Sarvadhaman Banerjee, in the role of Vivekananda, is tall, fair and well built, sort of Al Pacinoish-looking. When I met him on location, he seemed more of a "cool guy," often moody and preferring to stay aloof. A half hour with him won me an unuseable collection of vague responses. But finally I did catch an inspiring glimpse of a depth that lurks inside his frustratingly offish veneer. Confirming this, I was later told by a crew member that, "He had taken off during the shooting schedule for a few days to a wooded hill infested with animals simply to meditate."

Handling Vivekananda in an 83% Hindu nation is a delicate business. Hindus are possessive about their icons, God or Godmen, in film or in book. They can get pushy with directors. Even before the film was done Iyer was being told where it went wrong. For example, the Bengali community told him not to leave out Sharada Ma, Ramakrishna's wife. "I had given a small role for Sharada, but on the insistence of the Bengalis, her role was extended," revealed Iyer. Now if Iyer takes the comments on the preview in a similarly responsive mood and makes necessary corrections, "Swami Vivekananda" could be a turkey turned eagle. We'll see.

Choodie Shivaram, a free-lance journalist, holds a BA and law degree and lives in Bangalore with her husband and two children.

Sidebar: Until I Die . . .

Interview with Filmmaker G.V.Iyer

Flowing white beard, hair knotted, deep-set eyes, thick eyebrows, barefoot (he never wears shoes--a Gandhian vow) clad in a white banian and dhoti--he looks much more a nameless ascetic than doyen of India's religious cinema.

Ganapathy Venkataramana Iyer was born to a well-to-do--later poverty-struck--orthodox brahmin family near Mysore. As a boy, he preferred filching coconuts, swimming and monkeying around to schoolwork. Determined to reform the truant lad, his parents stopped his schooling and had an upanayanaceremony (acceptance as a member of the "twice-born" elite) performed and started him learning Sanskrit and Vedic rituals. He however shortly ran away with a traveling company of actors, roughing through a difficult life on the road until finally gaining some success as an actor.

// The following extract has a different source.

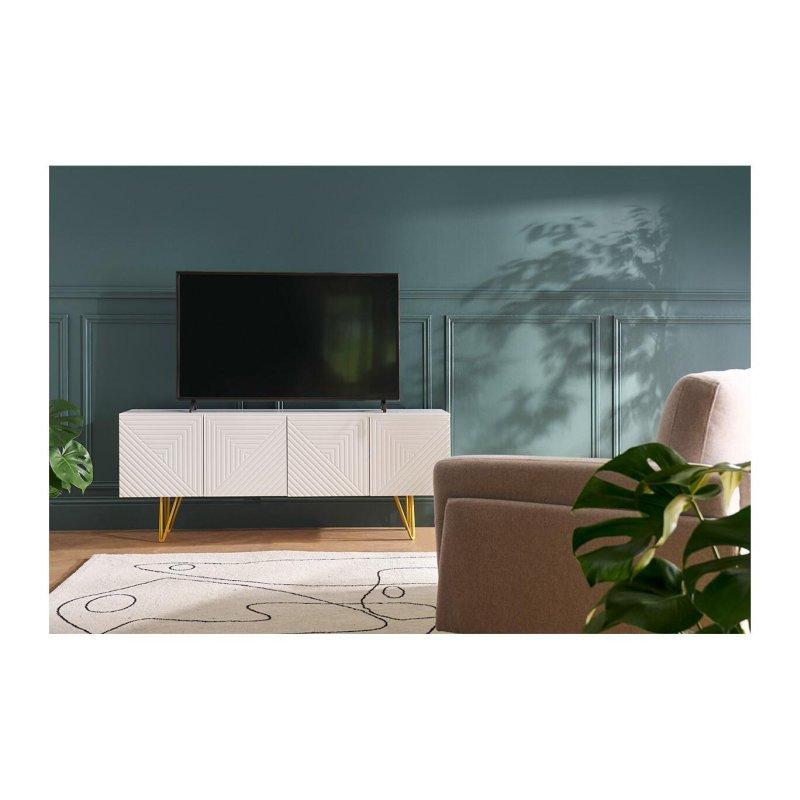 Altın Ayaklı Siyah Desenli TV Ünitesi 140 cm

His big break came when, with two actor friends, he made a Kannada film which became a big hit. With newly-won director status, more films followed--some soulful, some not, some successful, others not.

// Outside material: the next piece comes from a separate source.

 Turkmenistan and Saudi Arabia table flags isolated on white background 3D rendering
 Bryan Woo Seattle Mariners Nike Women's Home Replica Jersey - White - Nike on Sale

After one devastating failure, he swore off films for life and went into hiding only to blitzkrieg back with the award-winning "Adi Shankara," filmed totally in Sanskrit. Many had hoped "Vivekananda" would be of equal quality.

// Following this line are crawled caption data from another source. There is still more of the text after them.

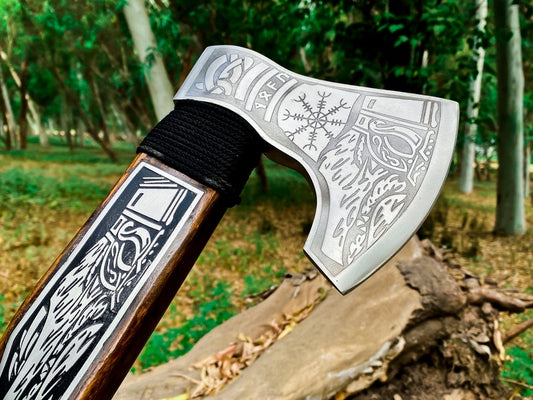 Engraved Steel Axe with leather cover | Best axe for hunting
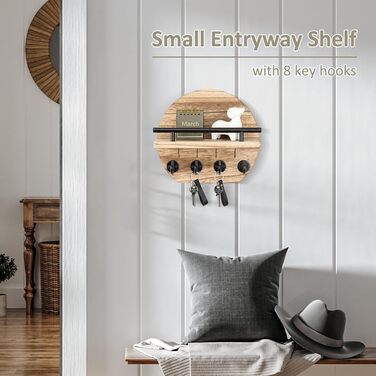 Настінна вішалка для ключів Nekon з полицею та 8 гачками, 24.8 см, дерев'яний декор для дому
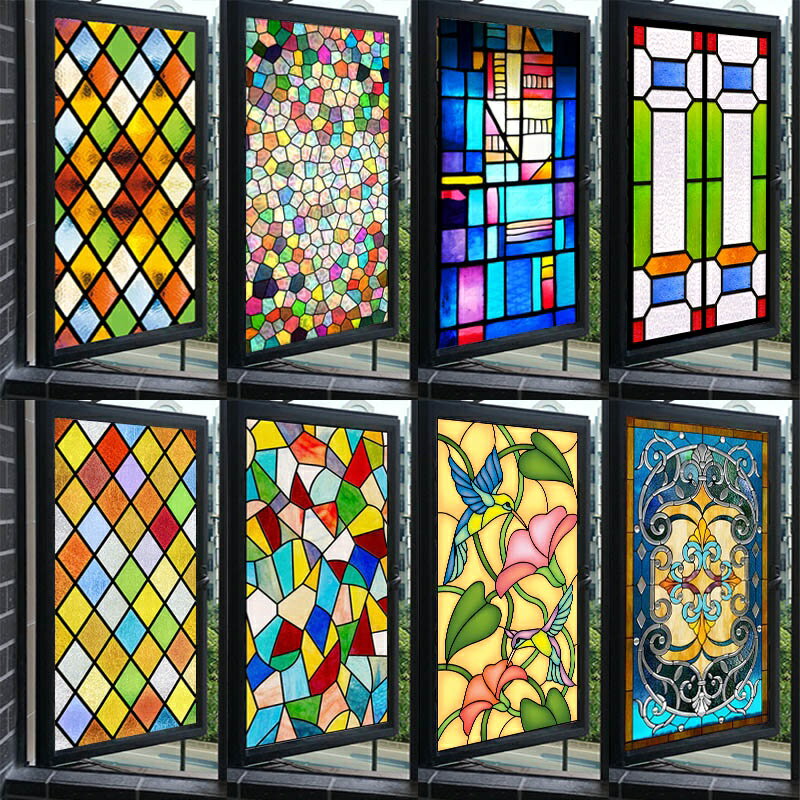 靜電玻璃貼 窗貼 歐式彩色磨砂玻璃膜靜電無膠免膠自粘美式教堂窗戶窗花衛生間貼紙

In his sixties, he took a second wife and had a daughter Kalpana and a son Raghavendra. She is his costume designer. The son is both an actor and production manager.

Hinduism Today:You seem possessed with making movies with philosophical themes.

G.V. Iyer:Unless you are totally immersed in what you are doing, how can you achieve anything? And, philosophy is not unrelated to life! The opposite. It is life, the way you live your life.

HT:Many of your films are unwatched by the masses. Why is that?

GVI:My films are for the elite, for people who are thinkers. I don't make films to educate or inform the layman. It does not matter to me if no one sees my films.

HT:You love to humanize religious figures in your movies.

GVI:I simply cut out blind beliefs. For example, I've never shown Shankara performing pujas.

HT:At 83, your energy shames chaps half your age. Any secret?

GVI:What would I do if I retire? I can't sit quiet. The urge to create is always pushing me. There's some Energy within me guiding my actions. I bow to that Energy. It's omnipotent, omniscient and omnipresent. That Energy dictates everything that I do.

HT:Does all the rape and violence in films today upset you?

GVI:In what generation did people not say degeneration had set in? You say Ashoka was great. But the man massacred hundreds of people! And just because some nude posters of women get put up, does it mean that all our men are bad? These are notions of people eager to make an issue. When watching vulgarity in films becomes intolerable, then good, clean films set the trend.